大阪はそういう訳にはいかない。西成のスーパー玉出の前では、血気盛んなおっちゃん達が今日もデッキブラシでどつきあっている。そう。大阪。
大阪の京橋駅のすぐ近くに蒲生墓地という場所がある。一般には、蒲生墓地と呼ばず「京橋立ち飲みストリート」と呼ばれている。
アイランドのような形をした墓場の周囲を、立飲み居酒屋がびっしりと取り囲んでいる。だから、一見、中心が墓場だとは分からない。南側が少し高くなっており、その様子を見下ろすことができる。僕は敬愛を込めて、その酒場を蒲生墓場と呼んでいる。居酒屋の壁一枚で墓場と隣あっている。
グーグルストリートに写っている岡室酒店直売所は、まさに中島ラモさんもこよなく愛した酒場。その他にも味がありすぎる立ち飲み屋がたくさんある。南側の屋台ではあるが、とよには、ネタのブツ切り具合に衝撃を受けるだろう。
この墓地裏の居酒屋で「お兄さん、お姉さん、アンタの壁一枚向こうは、墓場だよ」と心の中で呟やきながら飲むのが好きだった。実際に呟かなかったのは、僕もそのシチュエーションが好きだったからだ。あるいは、酒場と名がつけばどこでも好きなのかも知れない。アドレナリンの入り過ぎた脳をクールダウンすることができた。
蒲生墓地は江戸時代から続く、大坂七墓巡りの一つという由緒正しい墓所で、何か人を惹きつけてやまない雰囲気がある。

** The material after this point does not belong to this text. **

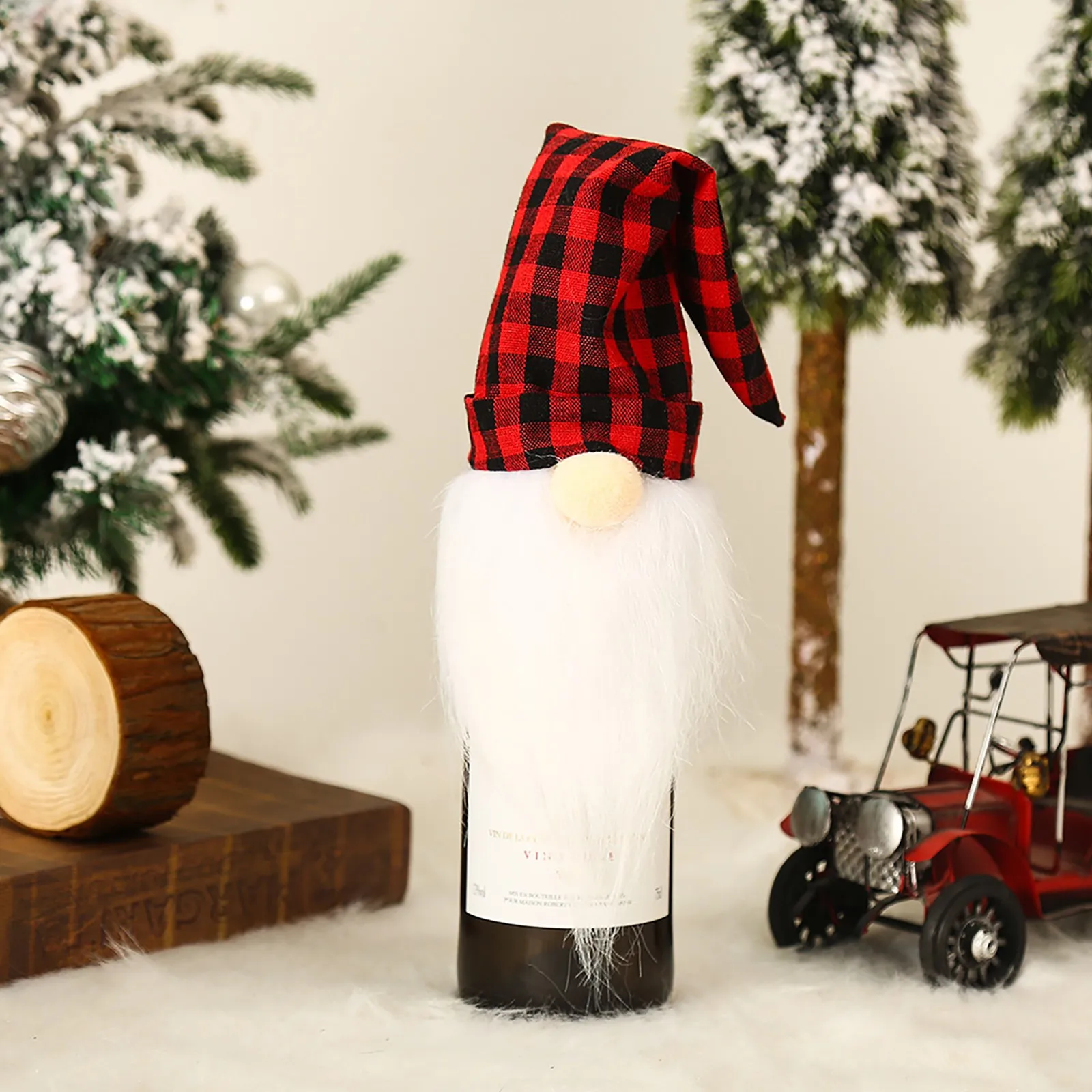 2PC Christmas Decorations Kitchen Table Top Dress Up Props Plaid Set Red Wine Bottle Set Wine Bottle Bag Glasses for Port Wine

「大阪七墓巡り」とは江戸時代の大阪町衆の風習で、毎年、盆になると市中郊外の七墓(梅田、南濱、葭原、蒲生、小橋、千日、鳶田)を巡り、有縁無縁を問わず「同じ大阪に住んでいた町衆、先人ではないか」とその霊を慰めたもの。また江戸時代中期・後期ともなると若い男女のデートコースとしても活用されたようで、町衆は自由闊達に「遊び心」を持って七墓巡りを楽しんだという。しかし残念ながら明治維新以後の、近代都市化によって消滅した。
この大坂七墓巡りを復活させようとする粋狂なフェイスブックページもあるようだ。 個人的にも、江戸時代のように衆目を集める墓場であって欲しいと願ってやまない。
今は、立ち飲みの聖地、蒲生墓場では飲まない。モンスターにグリグリと死線の壁に押しつけられすぎたようだ。その壁際では、酒を楽しめなくなっている。大阪駅から電車で10分もかからない距離だけど、とても遠い気がする。記憶に残る風景。時々、あの墓場なのか酒場なのか良く分からない場所に行ってみたくなる。しかし、行くことはないだろう。
「お兄さん、お姉さん、壁一枚向こうは墓場だよ。少し壁に近づき過ぎではないのか」とやさしくアドバイスすることはできるだろう。そう語りかけることがあるとすれば、彼等には、僕の声は聞こえても、僕の姿は見えないだろう。ここに還ってきている。